Depuis 2009, plusieurs des fonds gérés par la société A (société de gestion de portefeuille) recouraient à des cessions temporaires de titres prenant la forme de prêts ou de mises en pension de titres réalisés par un intermédiaire.
Les cessions temporaires de titres sont des techniques de gestion efficace du portefeuille visant à augmenter la performance d’un fonds, au bénéfice des porteurs, sans augmenter le niveau de risque supporté par ces derniers. Le prêt de titres est le contrat par lequel une personne (le prêteur) remet à une autre (l’emprunteur) une certaine quantité de titres que ce dernier s’engage à restituer par équivalent, après en avoir disposé pendant la durée du prêt. La mise en pension de titres est l'opération par laquelle un fonds (le cédant) cède en pleine propriété à un autre fonds (le cessionnaire), moyennant un prix convenu, des titres financiers. Par cette opération le cédant s'engage irrévocablement à reprendre les titres et le cédant à les rétrocéder pour un prix et à une date convenus. Dans le cadre de ce type d’opérations, le prêteur (dans le cas d’un prêt de titres) ou le cédant (dans le cas d’une mise en pension de titres) reçoit, d’une part, une rémunération, communément appelée «loyer», et d’autre part, une garantie, appelée «collatéral», qui peut prendre la forme d’espèces ou de valeurs mobilières au titre de laquelle il verse à l’emprunteur une indemnité d’immobilisation.

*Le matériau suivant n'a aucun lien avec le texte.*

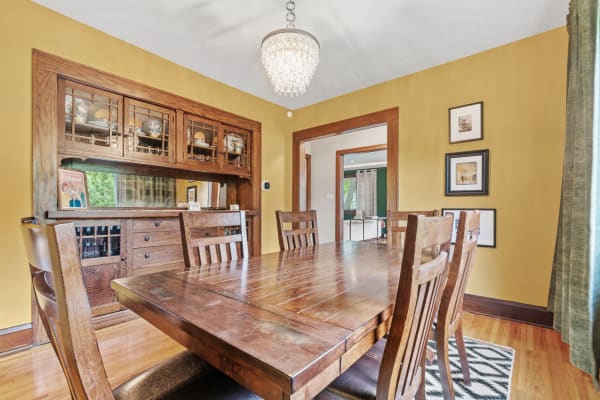 A rustic dining room with a wooden table, chairs, and a crystal chandelier against yellow walls.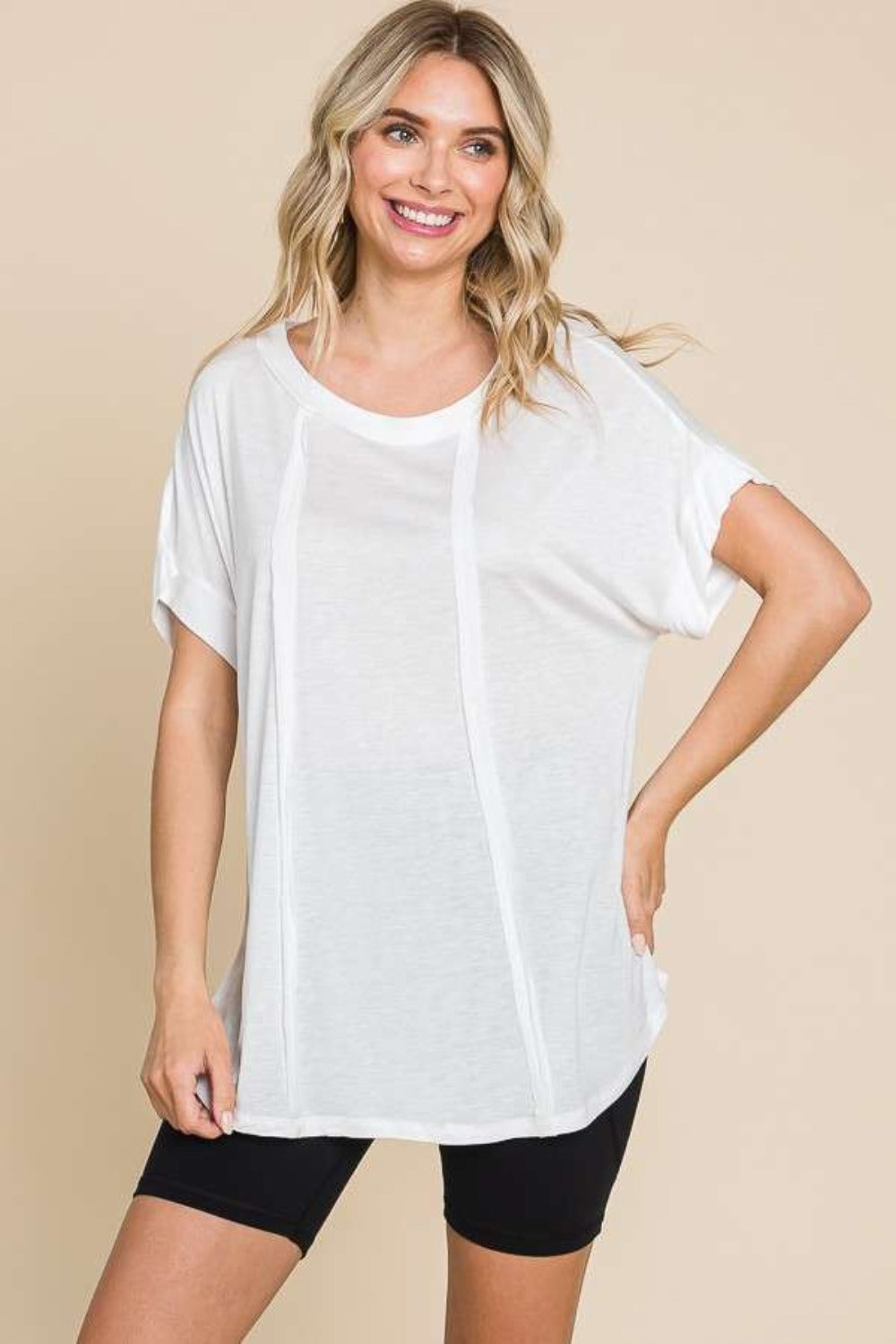 Woman in a white Culture Code Round Neck Short Sleeve T-Shirt and black shorts, posing against a beige background with one hand on her hip. This versatile staple makes everyday wear effortlessly chic.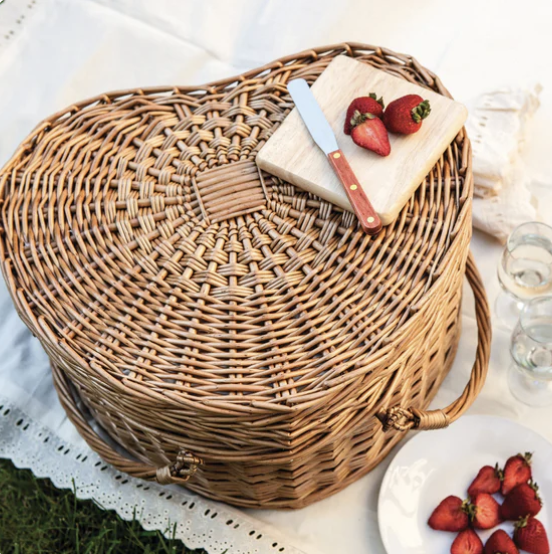 a heart shaped picnic basket with a plate of fresh strawberries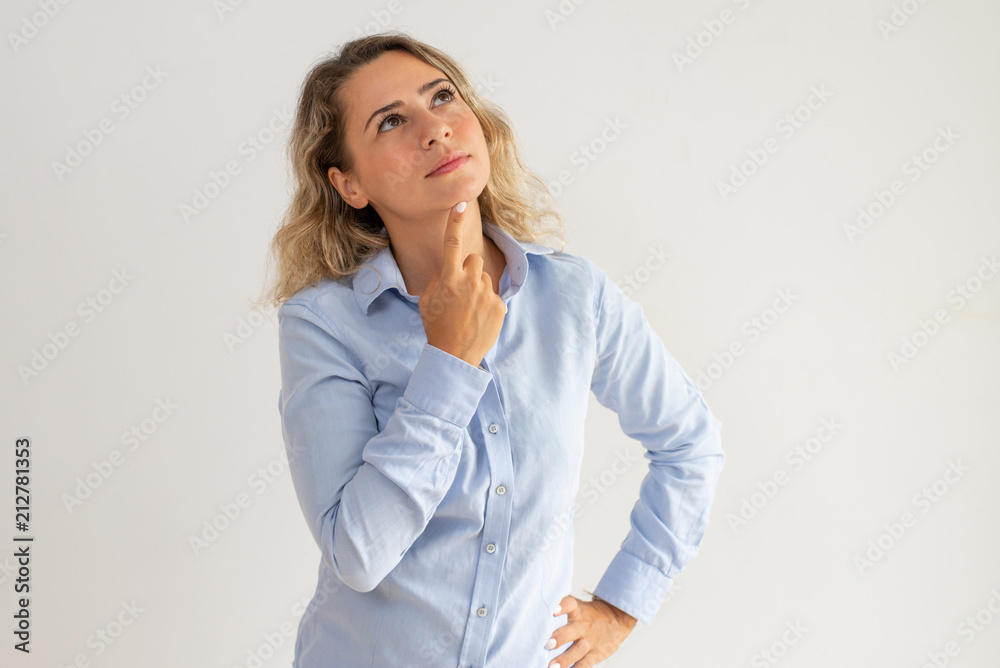 Portrait of pensive young Caucasian woman looking up. Businesswoman standing with thoughtful expression. Planning concept Portrait of pensive young Caucasian woman looking up. Businesswoman standing with thoughtful expression. Planning concept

La société B intervenait aussi bien en tant qu’agent, c’est-à-dire comme intermédiaire entre les fonds prêteurs ou cédants et diverses contreparties bancaires, qu’en mode dit «principal», c’est-à-dire en tant que contrepartie des fonds en achetant ou en empruntant les titres qu’elle cédait ou prêtait à son tour à des contreparties bancaires. Elle était amenée à ce titre à recevoir un collatéral espèces de la part de ces dernières, qui était placé dans les livres de l’établissement de crédit dépositaire et teneur de compte des fonds et rémunéré par celui-ci à des conditions très favorables, à savoir Eonia + minimum 12,5 points de base.
Le Collège de l’AMF faisait valoir initialement que cette rémunération du collatéral espèces, appelée «rémunération complémentaire», d’un montant total de 24,7 millions d’euros, constituait un revenu résultant de techniques de gestion efficace de portefeuille et aurait dû être, en conséquence, restituée aux porteurs des fonds. Il en déduisait plusieurs griefs, notifiés à l’établissement de crédit dépositaire, aux sociétés A et B portant, selon les cas, sur la conservation par la société B de la rémunération du collatéral en méconnaissance de l’obligation d’agir dans l’intérêt des porteurs, sur l’absence de gestion des conflits d’intérêts générés par ce versement et/ou sur l’absence d’information donnée aux porteurs à cet égard.
Lors de la séance de la Commission des sanctions, le Collège a déclaré abandonner les griefs fondés sur l’obligation d’agir dans le seul intérêt des porteurs, au motif que les textes applicables à l’époque ne permettaient pas d’établir que la rémunération du collatéral perçue par la société B devait leur revenir.
Dans sa décision la Commission en a pris acte. Elle a, en outre, écarté les deux autres griefs notifiés à l’établissement de crédit ainsi que l’un des deux manquements reprochés à la société B, faute de conflit d’intérêts caractérisé entre ces derniers et les porteurs. L’établissement de crédit dépositaire des fonds a ainsi été mis hors de cause.
Elle a, en revanche, retenu à l’égard de la société B l’existence d’un manquement à l’obligation d’agir de manière honnête, loyale et professionnelle dans l’intérêt des porteurs, ces derniers n’ayant pas été informés de la rémunération perçue par elle, et a considéré que la société A avait, d’une part, délivré une information inexacte et imprécise aux porteurs relative à ces opérations et, d’autre part, méconnu son obligation de gérer les conflits d’intérêts.